Lately, my husband and I have found ourselves talking a lot about relationships and openness. Sometimes I feel like that kind of relationships God calls us to in the Church are far more difficult and more rewarding than I want to engage in. God tells us that part of being one in the Church means we put off all falsehood and be truthful with one another (Eph 4:22-25). At a church function last week we were talking about authenticity in our church–how being authentic with one another involves being transparent and vulnerable. This authenticity then drives us into conflict with one another, like rocks being tumbled, which spurs us on toward Christlikeness.
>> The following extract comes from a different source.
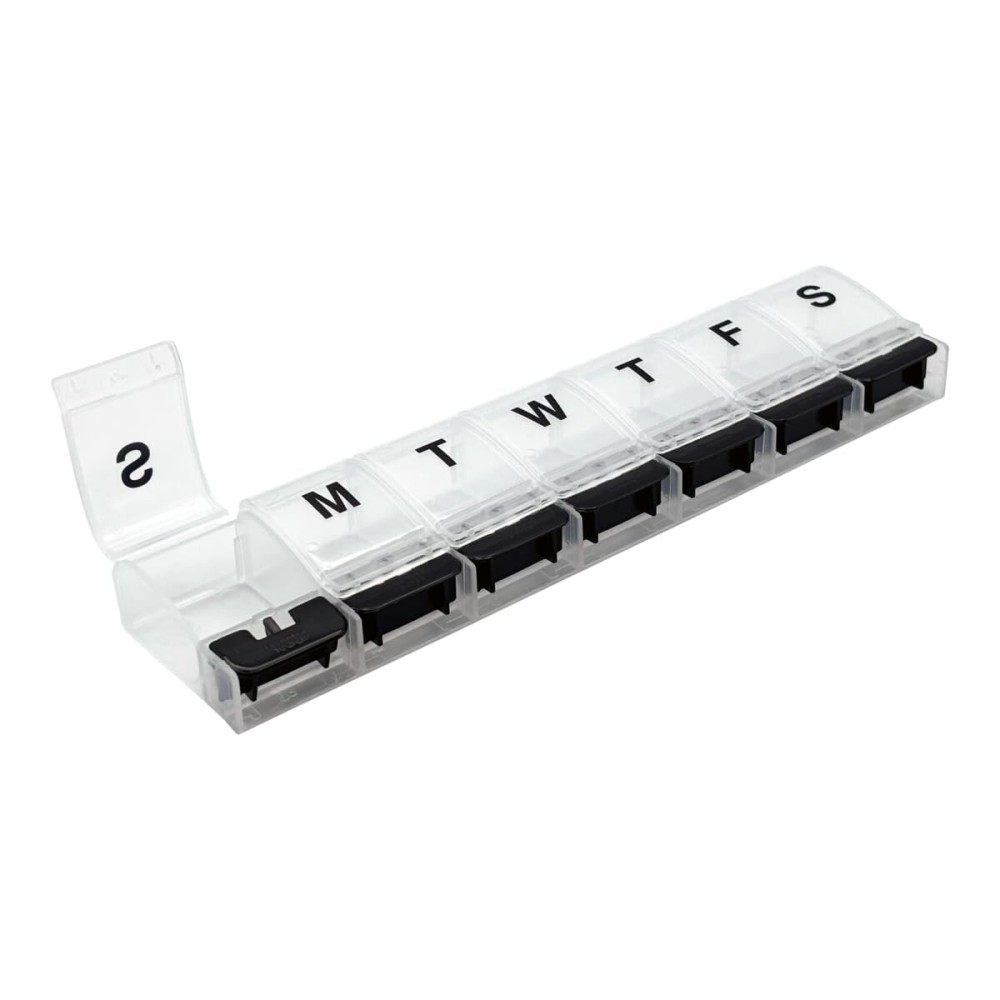 EZY DOSE Weekly (7-Day) AM/PM Daily Pill Organizer, Vitamin Case, and Medicine Container, X-Large Compartments, Arthritis Friendly, Convenient with Effortless Portability, Clear/Black Lids, BPA Free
Frankly, I just don’t want to do it. It feels too hard! I don’t like conflict. But over the years I have realized (and re-realized) that I will only grow as much as I let people in. Here’s what I mean by that: if I’m a house and I only let people and God into certain rooms, the rest of those locked up rooms will stay the way they are. It’s really easy for me to convince myself that it’s better to not share my junk… it’s messy, sometimes it feels selfish because it takes time and energy from other people to listen and engage, it hurts my pride to admit the depth of my depravity and brokenness, and my experience tells me it is the height of foolishness to intentionally tell someone where my weaknesses are. Yet God has commanded us to love one another and love, by definition, necessitates honesty and vulnerability, despite what anyone may say.

I have been so blessed to have people in my life–my husband, friends–who have sat with me in the dark places of my soul and have helped me face what’s there and deal with the reality. In a sermon I heard several years ago, the pastor quoted a statistic that each of us needs 8 close friends in order to feel loved and to grow. I have to admit when I heard that statistic, I was floored. At that point in my life, I had about 1 1/2 people who really knew me that I interacted with regularly. In a culture starving for relationship, entropying toward depravity, it’s worth asking yourself if you have people who can bear your burdens, who can listen. Henri Nouwen said that listening is the art of creating space for someone to be fully themselves. Are you allowing yourself to be known and loved? Do you have people to encourage you on toward love and good deeds, people who know you? Are you that person for someone else?